One of the state's key witnesses at trial was Lenise Nestir, who testified on May 13 and 14, 1993. 7 Nestir testified that she had been in the Liberty Street area prior to the shooting, and that she had seen Alex Romero drive up in a brown vehicle. According to Nestir, Romero, who claimed to have had a gun in his possession, asked whether anyone wanted to accompany him to Davenport Avenue. Nestir explained that there was a group of young people in the Liberty Street area that did not get along with another group of young people that congregated in the Davenport Avenue area. Nestir testified that the defendant accompanied Romero and that, although she declined Romero's invitation to get into the car, she walked to within one block of the shooting in order to be a spectator. Although she claimed to have been on friendly terms with the victim's family, Nestir failed to warn the Crnkovic brothers, who were outside playing basketball, of the impending danger.

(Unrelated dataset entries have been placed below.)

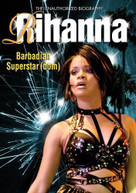 RIHANNA - BARBADIAN SUPERSTARDOM DVD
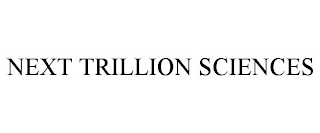 NEXT TRILLION SCIENCES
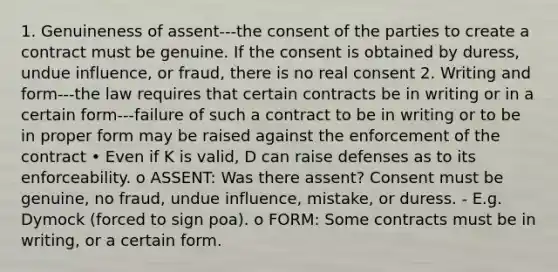 1. Genuineness of assent---the consent of the parties to create a contract must be genuine. If the consent is obtained by duress, undue influence, or fraud, there is no real consent 2. Writing and form---the law requires that certain contracts be in writing or in a certain form---failure of such a contract to be in writing or to be in proper form may be raised against the enforcement of the contract • Even if K is valid, D can raise defenses as to its enforceability. o ASSENT: Was there assent? Consent must be genuine, no fraud, undue influence, mistake, or duress. - E.g. Dymock (forced to sign poa). o FORM: Some contracts must be in writing, or a certain form.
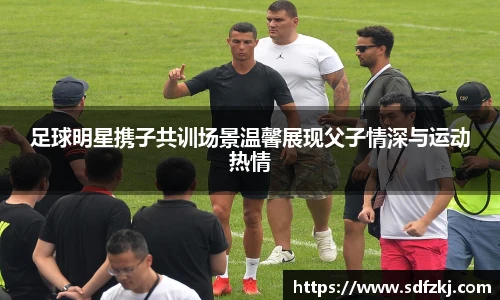 足球明星携子共训场景温馨展现父子情深与运动热情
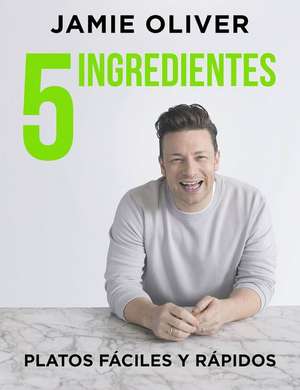 5 Ingredientes Platos Fáciles Y Rápidos / 5 Ingredients - Quick & Easy Food de Jamie Oliver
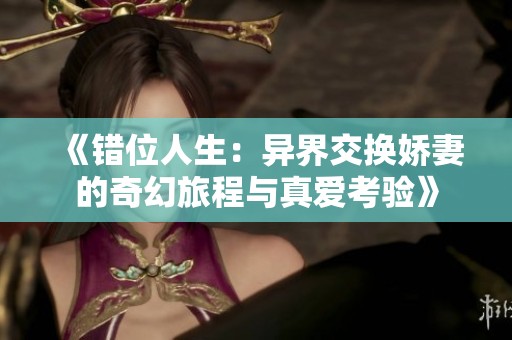 《错位人生：异界交换娇妻的奇幻旅程与真爱考验》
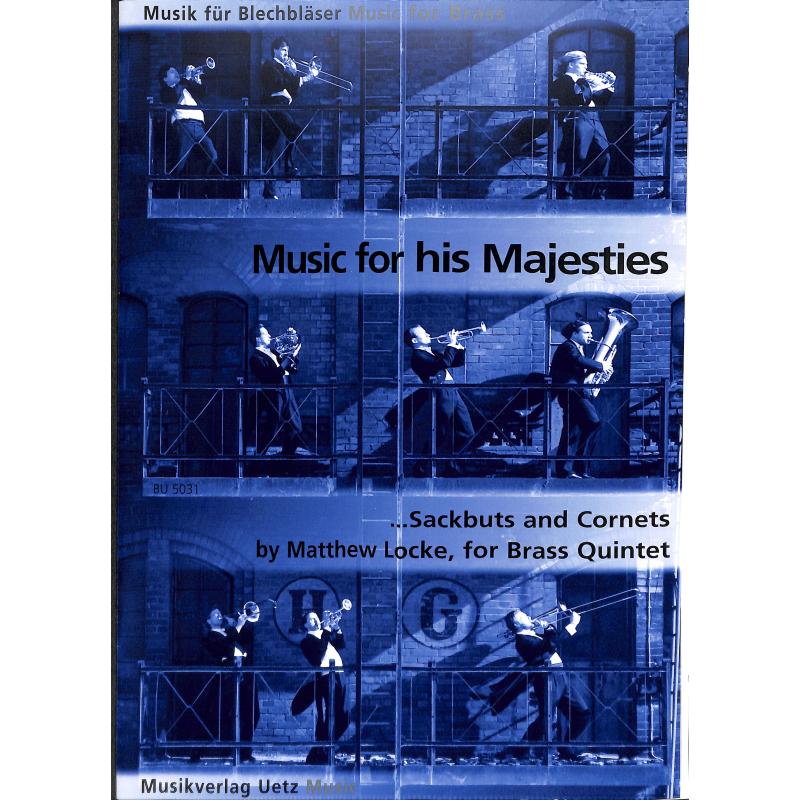 Titelbild für UETZ 5031 - MUSIC FOR HIS MAJESTIES SACKBUTS AND CORNETS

When Nestir reached the intersection of Winthrop and Davenport Avenues, she saw Romero's brown car approach, heading eastbound on Davenport Avenue. Because the car passed by so quickly, she could not identify its occupants and could only see shots being fired from within that vehicle. Although the state introduced evidence that there also was a gray car at the scene from which shots had been fired, Nestir testified that she never saw a gray car. 8 She learned later that Elvis had died as a result of that shooting.

Soon after the shooting, Nestir saw Romero driving a vehicle with the defendant and another male named Andrew as the vehicle approached a nearby dumpster, where Nestir witnessed Andrew empty shells from a gun into the dumpster. Later that same day, Romero gave the gun to Nestir to dispose of it. Instead of discarding it, Nestir testified that she kept the gun, hoping to exchange it for a car. Subsequently, the New Haven police, who had been notified of the proposed transaction, seized the gun from her but never charged her with an offense.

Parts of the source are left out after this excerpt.